Exercise instructions
Repeat the lines below exactly as written, please, from the line with "US women's soccer" to the line with "Trump Awards Musk Golden Key for DOGE Work", both lines included, and no others.

Caption-style text data:
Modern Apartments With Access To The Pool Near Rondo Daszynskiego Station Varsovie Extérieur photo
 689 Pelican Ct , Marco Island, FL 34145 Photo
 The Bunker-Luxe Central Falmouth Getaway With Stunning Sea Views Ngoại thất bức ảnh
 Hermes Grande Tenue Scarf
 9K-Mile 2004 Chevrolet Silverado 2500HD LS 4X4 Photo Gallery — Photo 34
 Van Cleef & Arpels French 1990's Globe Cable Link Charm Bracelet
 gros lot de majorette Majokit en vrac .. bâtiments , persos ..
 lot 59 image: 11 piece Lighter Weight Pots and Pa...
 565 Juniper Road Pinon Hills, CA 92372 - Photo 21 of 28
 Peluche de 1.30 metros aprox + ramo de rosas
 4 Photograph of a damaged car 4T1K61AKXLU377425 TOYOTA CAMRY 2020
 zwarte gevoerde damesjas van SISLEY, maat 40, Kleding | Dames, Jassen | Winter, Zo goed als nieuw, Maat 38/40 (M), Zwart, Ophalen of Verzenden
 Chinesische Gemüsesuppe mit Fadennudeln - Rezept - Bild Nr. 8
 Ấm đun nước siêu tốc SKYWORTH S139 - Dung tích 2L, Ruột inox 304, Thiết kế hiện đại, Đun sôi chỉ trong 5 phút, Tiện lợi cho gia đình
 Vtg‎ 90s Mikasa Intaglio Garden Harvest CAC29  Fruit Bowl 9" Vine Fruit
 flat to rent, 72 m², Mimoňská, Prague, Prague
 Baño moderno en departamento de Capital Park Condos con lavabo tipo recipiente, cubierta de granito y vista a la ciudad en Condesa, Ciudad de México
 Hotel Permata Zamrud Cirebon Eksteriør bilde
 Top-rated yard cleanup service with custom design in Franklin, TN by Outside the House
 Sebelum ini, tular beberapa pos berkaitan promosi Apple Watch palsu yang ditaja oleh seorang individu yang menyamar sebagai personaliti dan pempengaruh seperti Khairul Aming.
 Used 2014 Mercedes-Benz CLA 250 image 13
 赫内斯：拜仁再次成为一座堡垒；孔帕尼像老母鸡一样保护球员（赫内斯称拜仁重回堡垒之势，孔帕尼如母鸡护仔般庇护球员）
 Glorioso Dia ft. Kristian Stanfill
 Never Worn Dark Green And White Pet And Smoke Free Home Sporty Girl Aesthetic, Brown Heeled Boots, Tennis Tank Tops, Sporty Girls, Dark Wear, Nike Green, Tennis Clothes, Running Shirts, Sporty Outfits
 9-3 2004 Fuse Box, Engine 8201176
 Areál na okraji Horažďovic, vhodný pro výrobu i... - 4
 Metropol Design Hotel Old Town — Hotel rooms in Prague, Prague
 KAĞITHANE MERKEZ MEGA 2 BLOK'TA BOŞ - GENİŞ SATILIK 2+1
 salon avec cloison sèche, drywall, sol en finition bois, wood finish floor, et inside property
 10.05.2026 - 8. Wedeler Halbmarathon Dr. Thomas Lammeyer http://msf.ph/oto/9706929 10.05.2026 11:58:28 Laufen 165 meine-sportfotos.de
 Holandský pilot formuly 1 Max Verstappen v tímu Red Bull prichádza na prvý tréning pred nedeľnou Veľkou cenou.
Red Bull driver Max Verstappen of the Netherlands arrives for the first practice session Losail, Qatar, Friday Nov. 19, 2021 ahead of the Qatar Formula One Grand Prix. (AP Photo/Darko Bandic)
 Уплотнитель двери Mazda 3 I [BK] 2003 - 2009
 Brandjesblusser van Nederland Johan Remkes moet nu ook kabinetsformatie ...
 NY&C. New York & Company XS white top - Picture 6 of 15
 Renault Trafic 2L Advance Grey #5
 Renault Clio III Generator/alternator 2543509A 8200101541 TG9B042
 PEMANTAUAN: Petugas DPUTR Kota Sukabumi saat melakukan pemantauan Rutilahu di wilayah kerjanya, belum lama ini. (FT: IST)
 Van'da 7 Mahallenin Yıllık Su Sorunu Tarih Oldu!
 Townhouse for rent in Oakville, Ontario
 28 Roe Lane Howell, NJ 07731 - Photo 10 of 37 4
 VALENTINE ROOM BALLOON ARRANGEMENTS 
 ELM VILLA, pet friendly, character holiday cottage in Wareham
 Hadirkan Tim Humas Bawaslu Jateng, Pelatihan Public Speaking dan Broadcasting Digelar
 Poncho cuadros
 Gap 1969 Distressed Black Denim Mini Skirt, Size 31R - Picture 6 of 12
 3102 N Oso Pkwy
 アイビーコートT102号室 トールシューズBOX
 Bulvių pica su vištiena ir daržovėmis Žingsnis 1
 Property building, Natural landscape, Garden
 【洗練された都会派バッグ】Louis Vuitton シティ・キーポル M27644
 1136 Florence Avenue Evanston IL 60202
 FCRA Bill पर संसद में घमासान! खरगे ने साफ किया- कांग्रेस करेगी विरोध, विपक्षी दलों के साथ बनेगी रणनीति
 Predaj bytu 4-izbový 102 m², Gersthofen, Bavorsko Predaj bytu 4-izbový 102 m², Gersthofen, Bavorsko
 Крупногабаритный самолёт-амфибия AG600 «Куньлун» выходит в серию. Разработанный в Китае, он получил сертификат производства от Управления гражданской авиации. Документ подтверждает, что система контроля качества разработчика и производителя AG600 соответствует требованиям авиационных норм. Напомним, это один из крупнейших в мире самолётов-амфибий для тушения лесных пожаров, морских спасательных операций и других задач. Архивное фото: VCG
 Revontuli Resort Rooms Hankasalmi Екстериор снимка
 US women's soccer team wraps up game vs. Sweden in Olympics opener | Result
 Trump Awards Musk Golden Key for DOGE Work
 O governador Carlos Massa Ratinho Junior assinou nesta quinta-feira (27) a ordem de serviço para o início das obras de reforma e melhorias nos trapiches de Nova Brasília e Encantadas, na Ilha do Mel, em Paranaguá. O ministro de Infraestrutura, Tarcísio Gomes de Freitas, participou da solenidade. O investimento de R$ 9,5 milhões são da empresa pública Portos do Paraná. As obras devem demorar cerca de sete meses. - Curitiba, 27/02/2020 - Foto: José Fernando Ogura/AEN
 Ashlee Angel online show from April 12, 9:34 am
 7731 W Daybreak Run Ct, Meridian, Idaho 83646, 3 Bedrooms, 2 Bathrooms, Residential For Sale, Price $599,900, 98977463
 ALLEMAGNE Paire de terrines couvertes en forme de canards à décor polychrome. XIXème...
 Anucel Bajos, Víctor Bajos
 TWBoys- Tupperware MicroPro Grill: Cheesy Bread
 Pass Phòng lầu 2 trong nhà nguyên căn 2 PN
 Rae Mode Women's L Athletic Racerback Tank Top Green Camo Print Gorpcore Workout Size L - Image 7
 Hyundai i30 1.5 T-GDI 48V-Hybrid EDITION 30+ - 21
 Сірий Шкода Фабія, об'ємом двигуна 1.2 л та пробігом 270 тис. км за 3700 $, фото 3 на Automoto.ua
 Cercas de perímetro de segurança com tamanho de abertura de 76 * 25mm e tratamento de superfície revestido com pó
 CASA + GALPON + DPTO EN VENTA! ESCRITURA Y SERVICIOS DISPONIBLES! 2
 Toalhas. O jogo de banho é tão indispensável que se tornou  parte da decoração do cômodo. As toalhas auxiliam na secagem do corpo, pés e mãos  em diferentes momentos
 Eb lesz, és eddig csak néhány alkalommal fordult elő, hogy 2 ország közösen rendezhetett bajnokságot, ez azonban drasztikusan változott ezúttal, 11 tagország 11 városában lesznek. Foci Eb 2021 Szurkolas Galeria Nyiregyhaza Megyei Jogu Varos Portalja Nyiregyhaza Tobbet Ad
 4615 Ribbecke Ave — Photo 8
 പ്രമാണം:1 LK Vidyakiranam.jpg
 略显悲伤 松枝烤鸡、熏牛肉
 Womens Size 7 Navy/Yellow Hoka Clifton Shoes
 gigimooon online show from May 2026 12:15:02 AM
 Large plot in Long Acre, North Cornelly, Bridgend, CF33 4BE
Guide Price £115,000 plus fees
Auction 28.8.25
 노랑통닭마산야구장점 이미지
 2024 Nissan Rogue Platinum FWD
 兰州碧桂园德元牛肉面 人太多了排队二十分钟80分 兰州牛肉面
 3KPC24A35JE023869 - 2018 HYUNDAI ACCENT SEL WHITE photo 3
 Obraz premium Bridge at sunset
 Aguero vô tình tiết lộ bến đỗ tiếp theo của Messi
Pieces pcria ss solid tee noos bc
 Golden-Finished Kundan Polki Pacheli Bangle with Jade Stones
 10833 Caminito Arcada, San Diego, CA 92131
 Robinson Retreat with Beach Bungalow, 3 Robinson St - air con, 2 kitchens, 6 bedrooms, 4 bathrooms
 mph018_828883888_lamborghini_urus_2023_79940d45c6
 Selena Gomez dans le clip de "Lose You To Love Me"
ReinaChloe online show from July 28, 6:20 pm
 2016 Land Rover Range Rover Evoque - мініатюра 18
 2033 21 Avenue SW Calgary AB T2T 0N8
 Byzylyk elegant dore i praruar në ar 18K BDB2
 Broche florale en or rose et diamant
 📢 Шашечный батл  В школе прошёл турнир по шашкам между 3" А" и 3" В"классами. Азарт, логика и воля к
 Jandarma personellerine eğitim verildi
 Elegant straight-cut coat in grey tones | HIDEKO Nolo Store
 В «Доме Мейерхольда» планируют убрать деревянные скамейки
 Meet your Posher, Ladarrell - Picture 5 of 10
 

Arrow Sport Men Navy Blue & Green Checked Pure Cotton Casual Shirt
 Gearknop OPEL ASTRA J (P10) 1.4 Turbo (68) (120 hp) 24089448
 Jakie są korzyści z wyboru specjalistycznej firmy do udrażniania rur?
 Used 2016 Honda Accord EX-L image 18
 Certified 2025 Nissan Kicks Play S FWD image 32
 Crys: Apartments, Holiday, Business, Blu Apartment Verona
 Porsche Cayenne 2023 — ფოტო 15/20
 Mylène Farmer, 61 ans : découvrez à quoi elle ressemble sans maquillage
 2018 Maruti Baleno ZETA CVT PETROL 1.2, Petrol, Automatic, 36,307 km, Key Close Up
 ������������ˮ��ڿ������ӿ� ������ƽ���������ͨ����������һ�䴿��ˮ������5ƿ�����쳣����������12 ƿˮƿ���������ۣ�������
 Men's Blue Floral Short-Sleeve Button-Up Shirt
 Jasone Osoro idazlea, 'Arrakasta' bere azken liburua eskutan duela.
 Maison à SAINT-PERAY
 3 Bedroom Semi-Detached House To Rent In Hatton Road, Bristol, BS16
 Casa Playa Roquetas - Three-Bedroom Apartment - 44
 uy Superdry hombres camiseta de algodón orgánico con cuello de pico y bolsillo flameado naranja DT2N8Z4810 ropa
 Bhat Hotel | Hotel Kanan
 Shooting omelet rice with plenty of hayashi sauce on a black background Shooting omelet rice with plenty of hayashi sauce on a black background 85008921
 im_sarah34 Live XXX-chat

Task output
 US women's soccer team wraps up game vs. Sweden in Olympics opener | Result
 Trump Awards Musk Golden Key for DOGE Work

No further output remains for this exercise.